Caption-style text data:
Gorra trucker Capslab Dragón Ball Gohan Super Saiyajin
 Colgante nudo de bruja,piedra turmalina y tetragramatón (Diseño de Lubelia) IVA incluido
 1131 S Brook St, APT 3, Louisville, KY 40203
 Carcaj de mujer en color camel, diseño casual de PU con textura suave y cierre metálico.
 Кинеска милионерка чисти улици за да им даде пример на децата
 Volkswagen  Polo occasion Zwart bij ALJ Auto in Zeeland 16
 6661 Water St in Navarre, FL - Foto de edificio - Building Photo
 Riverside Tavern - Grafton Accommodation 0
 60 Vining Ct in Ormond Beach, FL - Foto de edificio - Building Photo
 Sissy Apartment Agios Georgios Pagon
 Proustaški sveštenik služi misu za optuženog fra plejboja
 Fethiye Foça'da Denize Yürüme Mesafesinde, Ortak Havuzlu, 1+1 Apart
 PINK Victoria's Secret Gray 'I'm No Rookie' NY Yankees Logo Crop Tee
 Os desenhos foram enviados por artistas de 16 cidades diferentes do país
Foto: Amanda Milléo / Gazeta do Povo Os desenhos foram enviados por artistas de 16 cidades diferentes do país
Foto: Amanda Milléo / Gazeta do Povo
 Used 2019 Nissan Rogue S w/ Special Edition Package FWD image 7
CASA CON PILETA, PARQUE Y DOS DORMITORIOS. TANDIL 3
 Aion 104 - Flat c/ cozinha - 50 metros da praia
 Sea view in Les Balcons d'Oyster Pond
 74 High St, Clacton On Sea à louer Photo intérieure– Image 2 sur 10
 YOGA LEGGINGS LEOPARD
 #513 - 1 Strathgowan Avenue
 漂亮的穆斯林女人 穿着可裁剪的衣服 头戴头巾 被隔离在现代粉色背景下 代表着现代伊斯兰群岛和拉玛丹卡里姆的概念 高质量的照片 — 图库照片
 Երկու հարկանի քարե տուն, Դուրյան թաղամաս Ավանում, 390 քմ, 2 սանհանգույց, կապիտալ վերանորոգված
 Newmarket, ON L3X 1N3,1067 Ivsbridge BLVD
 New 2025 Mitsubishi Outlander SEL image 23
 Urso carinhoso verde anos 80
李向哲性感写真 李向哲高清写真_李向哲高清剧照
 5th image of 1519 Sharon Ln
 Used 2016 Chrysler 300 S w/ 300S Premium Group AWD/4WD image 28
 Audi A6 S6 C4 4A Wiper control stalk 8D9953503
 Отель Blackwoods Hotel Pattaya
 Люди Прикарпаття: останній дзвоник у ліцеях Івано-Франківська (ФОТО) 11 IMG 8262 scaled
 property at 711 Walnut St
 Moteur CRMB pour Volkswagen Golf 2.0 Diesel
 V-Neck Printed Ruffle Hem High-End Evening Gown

■ Task goal: Your answer should be each line of the data that contains the word "país", copied as it stands.

■ Exercise result:
 Os desenhos foram enviados por artistas de 16 cidades diferentes do país
Foto: Amanda Milléo / Gazeta do Povo Os desenhos foram enviados por artistas de 16 cidades diferentes do país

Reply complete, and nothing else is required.